McBride starts USMNT GM job
U.S. Soccer’s long-awaited hiring spree reached full speed on Friday, with Brian McBride being announced as the new USMNT general manager.
McBride joined the team at its January camp in Florida on Saturday, jumping into the role previously held by Earnie Stewart before Stewart was promoted to U.S. Soccer sporting director.
— U.S. Soccer MNT (@USMNT) January 10, 2020
McBride’s hire was welcome news given his highly-regarded reputation in American soccer circles. The hire brought some much-needed goodwill for U.S. Soccer after the highly-criticized appointment of Anthony Hudson as U.S. Under-20 Men’s National Team coach.
So what is McBride’s role exactly? Here is how it was described when his hiring was announced:
Working closely with Stewart and Berhalter, McBride’s primary areas of focus will be to oversee the development and management of the player pool, build and guide the culture within the Men’s National Team environment, manage relationships with clubs and represent the USMNT on the global stage.
McBride’s post-playing resume is light on management experience, at least when it comes to pro clubs or national teams, but the impeccable reputation he developed during his playing career has led to mostly positive reactions to his hire. That honeymoon period won’t last forever though. It wasn’t too long ago when Earnie Stewart’s hiring as USMNT GM was met with positive reactions too, and nowadays Stewart’s popularity among USMNT fans has plummeted due to a widely-held belief that the program has stagnated under his guidance.

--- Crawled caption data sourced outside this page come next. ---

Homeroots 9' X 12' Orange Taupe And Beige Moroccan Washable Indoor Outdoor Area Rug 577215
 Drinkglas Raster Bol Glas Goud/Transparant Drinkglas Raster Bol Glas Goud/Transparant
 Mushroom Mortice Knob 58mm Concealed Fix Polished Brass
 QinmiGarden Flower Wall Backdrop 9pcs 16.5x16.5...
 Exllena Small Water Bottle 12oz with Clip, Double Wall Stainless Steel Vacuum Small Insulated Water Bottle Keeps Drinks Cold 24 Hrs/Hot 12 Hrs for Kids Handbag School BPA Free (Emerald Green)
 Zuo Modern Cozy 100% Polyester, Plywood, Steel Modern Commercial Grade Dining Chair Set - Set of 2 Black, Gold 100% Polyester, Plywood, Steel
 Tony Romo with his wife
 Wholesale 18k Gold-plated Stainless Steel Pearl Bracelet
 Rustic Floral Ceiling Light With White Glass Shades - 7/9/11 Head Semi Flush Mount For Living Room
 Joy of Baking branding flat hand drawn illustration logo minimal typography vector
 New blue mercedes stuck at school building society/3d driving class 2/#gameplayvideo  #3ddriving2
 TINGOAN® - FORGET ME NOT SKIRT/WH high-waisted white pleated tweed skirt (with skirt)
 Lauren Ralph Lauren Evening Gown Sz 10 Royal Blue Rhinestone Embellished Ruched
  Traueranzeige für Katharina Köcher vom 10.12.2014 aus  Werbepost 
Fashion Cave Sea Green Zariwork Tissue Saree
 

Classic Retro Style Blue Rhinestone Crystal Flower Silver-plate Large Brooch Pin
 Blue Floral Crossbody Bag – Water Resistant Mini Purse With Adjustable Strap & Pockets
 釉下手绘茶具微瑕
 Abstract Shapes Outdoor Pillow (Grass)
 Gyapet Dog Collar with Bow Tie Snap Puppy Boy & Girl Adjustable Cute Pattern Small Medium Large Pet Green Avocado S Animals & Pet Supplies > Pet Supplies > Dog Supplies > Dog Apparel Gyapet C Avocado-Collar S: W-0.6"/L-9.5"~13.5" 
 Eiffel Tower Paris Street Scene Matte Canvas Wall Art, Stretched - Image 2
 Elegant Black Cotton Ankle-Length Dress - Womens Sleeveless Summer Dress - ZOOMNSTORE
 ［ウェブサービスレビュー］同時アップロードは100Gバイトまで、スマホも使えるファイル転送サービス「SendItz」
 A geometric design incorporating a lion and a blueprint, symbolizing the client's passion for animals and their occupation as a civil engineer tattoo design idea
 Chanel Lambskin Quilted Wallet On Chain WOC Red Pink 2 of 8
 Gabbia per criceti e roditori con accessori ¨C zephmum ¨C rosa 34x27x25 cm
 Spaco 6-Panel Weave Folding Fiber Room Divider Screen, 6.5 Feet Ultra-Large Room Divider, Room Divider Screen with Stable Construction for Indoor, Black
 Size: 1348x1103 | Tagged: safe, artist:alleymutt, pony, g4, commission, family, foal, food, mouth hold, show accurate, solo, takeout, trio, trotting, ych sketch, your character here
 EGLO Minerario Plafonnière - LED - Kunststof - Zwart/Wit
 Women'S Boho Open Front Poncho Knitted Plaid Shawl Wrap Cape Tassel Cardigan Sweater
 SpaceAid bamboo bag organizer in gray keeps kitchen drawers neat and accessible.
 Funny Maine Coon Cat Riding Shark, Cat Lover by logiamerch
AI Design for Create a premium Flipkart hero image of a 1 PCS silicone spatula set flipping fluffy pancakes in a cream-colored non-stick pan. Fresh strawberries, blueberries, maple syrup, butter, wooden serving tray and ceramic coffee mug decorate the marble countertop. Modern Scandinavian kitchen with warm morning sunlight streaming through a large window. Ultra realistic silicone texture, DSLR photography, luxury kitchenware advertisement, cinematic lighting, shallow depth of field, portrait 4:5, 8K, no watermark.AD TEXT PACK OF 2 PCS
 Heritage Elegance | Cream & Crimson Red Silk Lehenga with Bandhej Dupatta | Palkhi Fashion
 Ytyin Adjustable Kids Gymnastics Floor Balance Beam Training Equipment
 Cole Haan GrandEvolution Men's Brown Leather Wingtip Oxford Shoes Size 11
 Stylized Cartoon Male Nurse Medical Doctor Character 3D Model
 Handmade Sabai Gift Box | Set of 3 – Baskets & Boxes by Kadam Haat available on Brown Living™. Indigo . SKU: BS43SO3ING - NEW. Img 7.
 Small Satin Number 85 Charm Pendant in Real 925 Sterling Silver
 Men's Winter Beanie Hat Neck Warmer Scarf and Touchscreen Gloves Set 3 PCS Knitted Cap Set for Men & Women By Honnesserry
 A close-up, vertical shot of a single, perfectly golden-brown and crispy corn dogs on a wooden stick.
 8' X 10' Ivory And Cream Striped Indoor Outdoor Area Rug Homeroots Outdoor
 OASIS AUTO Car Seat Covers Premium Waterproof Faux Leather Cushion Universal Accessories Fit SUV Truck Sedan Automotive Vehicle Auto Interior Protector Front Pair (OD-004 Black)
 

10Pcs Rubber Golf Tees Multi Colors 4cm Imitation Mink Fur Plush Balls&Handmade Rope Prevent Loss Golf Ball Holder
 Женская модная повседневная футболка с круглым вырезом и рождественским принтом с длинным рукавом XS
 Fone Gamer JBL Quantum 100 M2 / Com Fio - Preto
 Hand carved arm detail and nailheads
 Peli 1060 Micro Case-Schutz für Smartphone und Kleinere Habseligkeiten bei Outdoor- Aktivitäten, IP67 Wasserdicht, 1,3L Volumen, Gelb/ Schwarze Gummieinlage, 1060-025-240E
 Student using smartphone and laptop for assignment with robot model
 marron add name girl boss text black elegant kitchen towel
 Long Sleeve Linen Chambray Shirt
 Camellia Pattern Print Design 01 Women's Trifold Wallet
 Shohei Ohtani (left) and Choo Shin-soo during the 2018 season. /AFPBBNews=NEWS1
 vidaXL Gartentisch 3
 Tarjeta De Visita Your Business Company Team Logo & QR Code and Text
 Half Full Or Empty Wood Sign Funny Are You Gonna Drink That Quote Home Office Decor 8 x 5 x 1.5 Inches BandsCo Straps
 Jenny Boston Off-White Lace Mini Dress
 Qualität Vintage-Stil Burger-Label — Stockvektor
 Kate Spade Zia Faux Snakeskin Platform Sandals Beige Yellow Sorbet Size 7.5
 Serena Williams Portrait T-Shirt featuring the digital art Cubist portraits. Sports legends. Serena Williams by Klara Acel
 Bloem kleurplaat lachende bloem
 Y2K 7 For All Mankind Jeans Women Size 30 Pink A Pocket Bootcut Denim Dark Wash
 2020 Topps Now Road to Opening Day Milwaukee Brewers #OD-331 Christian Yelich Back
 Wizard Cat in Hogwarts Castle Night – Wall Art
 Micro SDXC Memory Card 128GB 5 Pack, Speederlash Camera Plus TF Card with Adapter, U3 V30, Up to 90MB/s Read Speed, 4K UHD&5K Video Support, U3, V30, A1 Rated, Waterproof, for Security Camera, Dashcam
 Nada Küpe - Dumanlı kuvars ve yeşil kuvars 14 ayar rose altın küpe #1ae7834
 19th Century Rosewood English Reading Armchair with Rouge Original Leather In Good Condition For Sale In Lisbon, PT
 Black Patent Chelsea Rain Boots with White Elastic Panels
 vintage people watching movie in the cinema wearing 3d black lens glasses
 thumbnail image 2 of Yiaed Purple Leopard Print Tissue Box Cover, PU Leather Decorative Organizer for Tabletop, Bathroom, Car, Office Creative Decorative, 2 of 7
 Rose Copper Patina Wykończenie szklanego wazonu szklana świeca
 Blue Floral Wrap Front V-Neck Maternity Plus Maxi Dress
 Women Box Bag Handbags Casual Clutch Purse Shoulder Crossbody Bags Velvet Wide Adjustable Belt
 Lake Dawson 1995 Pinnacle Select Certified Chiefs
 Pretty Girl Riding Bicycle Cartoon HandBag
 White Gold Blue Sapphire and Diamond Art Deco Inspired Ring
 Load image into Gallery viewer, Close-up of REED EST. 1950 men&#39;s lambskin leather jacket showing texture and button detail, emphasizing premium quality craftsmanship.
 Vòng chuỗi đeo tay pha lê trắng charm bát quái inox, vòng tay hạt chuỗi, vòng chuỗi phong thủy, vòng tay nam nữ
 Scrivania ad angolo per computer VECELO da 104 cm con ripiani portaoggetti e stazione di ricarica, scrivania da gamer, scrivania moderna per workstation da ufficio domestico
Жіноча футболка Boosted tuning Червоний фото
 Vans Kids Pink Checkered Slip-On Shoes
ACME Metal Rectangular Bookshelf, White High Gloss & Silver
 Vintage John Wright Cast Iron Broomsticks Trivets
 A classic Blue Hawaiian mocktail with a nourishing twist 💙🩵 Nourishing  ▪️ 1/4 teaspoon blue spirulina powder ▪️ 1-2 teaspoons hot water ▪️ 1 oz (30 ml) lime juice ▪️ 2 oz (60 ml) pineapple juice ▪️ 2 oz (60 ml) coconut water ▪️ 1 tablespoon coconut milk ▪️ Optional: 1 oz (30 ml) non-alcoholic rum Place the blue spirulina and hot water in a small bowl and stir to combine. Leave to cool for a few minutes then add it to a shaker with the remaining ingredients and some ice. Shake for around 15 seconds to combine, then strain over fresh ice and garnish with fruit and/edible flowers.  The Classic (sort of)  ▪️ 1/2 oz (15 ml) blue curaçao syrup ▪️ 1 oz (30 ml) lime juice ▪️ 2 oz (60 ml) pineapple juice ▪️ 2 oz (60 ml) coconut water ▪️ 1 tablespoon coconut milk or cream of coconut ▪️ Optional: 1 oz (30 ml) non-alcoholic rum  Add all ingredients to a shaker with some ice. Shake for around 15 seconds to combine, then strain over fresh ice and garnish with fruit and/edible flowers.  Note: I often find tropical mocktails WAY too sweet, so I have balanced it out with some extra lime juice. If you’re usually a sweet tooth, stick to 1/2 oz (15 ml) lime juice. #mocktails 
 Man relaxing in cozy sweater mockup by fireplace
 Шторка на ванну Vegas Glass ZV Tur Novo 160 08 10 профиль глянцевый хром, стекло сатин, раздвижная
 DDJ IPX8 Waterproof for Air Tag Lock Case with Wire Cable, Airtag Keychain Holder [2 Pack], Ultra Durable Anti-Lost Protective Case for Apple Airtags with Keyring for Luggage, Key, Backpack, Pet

Sargent nets double in Bremen return
Gio Reyna isn’t the only American to enjoy a good winter break camp with his Bundesliga side. Josh Sargent marked a successful return from injury with two goals in Werder Bremen’s preseason win against Hannover.
Sargent looks to be fully recovered from the hamstring injury that sidelined him in early December.
Pulisic’s latest knock raises durability concerns
Christian Pulisic missed Chelsea’s win against Burnley, and is expected to miss more time with an adductor injury suffered last week. It’s the latest in a long list of stints on the sideline for the American story, and it has led to some questions about his durability.
FOX Sports analyst and former USMNT defender Alexi Lalas expressed his concern, even mentioning Pulisic in the same breath with former USMNT standout and injury-prone midfielder John O’Brien:
— FOX Soccer (@FOXSoccer) January 10, 2020
Does Lalas have a point? Pulisic has had multiple stints on the injured list, both at Chelsea and Dortmund, but he has also managed to avoid long-term issues, and has generally responded to those stints on the sideline with good recoveries and returns to his team’s playing rotation.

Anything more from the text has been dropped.